As a devoted Hogwarts enthusiast myself, I had my copy of The Deathly Hallows pre-ordered nearly six months before its debut. I reread all six previous installments prior to the release on the 21st, prepping myself for the action packed but emotionally fulfilling plotline I was sure was to follow. About halfway into the book, however, I found myself somewhat disappointed. I desperately wondered when the predictions I had made years before would play out and concurrently dreaded the last few lines that would cement the futures of my beloved characters for good. Would Harry be doomed to wander aimlessly through Rowling’s world, daring but frustratingly uncertain of his aims: whether to destroy horcruxes, find hallows, or to finally release hundreds of pages worth of mounting sexual tension? Would Hedwig finally stop fussing around in her cage and just die already?

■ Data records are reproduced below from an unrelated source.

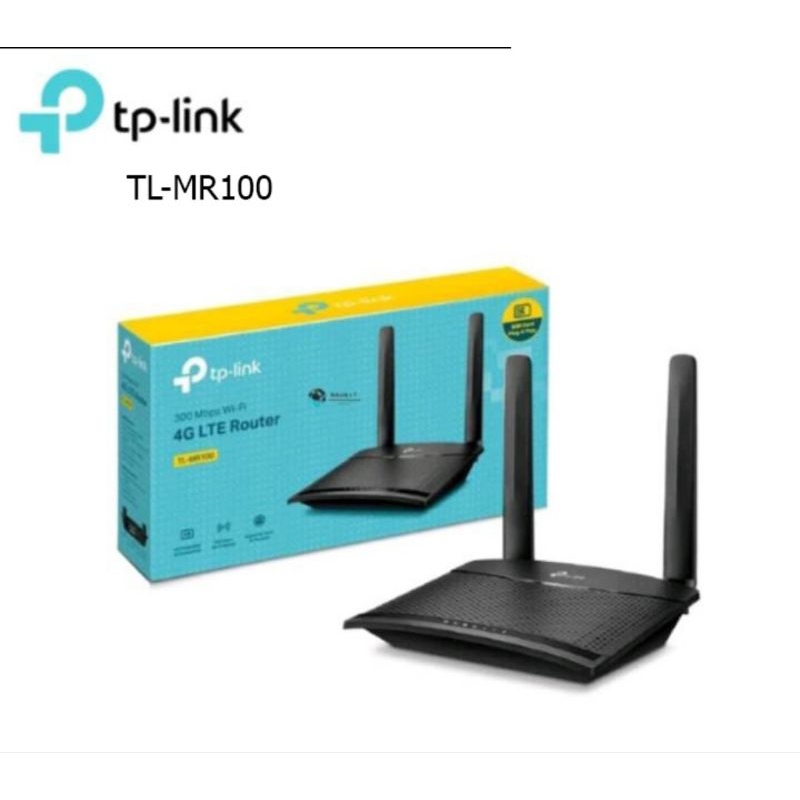 Ptp-link Tl-mr100 Router 4g Lte เราเตอร์ใส่ซิม ไม่ต้องตั้งค่าใส่ซิมใช้ได้เลย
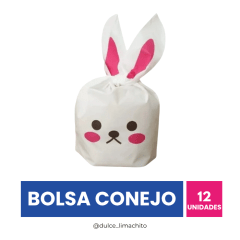 BOLSA CONEJO MEDIANA 12 UNIDADES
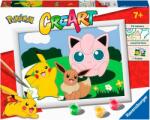 Ravensburger Set pictură după numere Ravensburger CreArt - Pokemon (23571)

While I was preoccupied with the possibly unsatisfying fates of my Hogwart friends, I was also frustrated by the lack of communication between characters as well as the portrayal of Harry’s feelings and emotions. Severus Snape, a prominent character in the series as well as a major player in the preceding book, Harry Potter and the Half Blood Prince, was absent throughout the majority of The Deathly Hallows, only returning at the end of the novel to provide a gruesome death scene and a sentimental (but overly predictable) explanation for his harsh treatment of Harry throughout the years. While the reader was made to feel guilty for his or her own mistaken mistrust of Snape’s nature, I found myself unnervingly detached from the scene. Snape and Harry had not interacted for some five hundred pages and the tension that may have once stood between them (enough to build a riveting scene upon) had dulled and faded. Their once intense rivalry was not lost in translation but rather in excessive word propagation. Further detracting from this “climatic” scene was Harry’s utter lack of any emotional response, which, while perhaps sufficing as a logical reaction in his earlier pre-pubescent years, would lead the ignorant reader to believe that all seventeen year old boys have “the emotional range of a teaspoon.”
Harry Potter and the Deathly Hallows was the first book in the Harry Potter series that I did not completely read through in one sitting. While I was always eager to finish the previous novels, I struggled to drag myself through The Deathly Hallows, rightly fearing that the conclusion would sacrifice its beloved character relationships and interactions for a plot-driven, but depthless, narrative.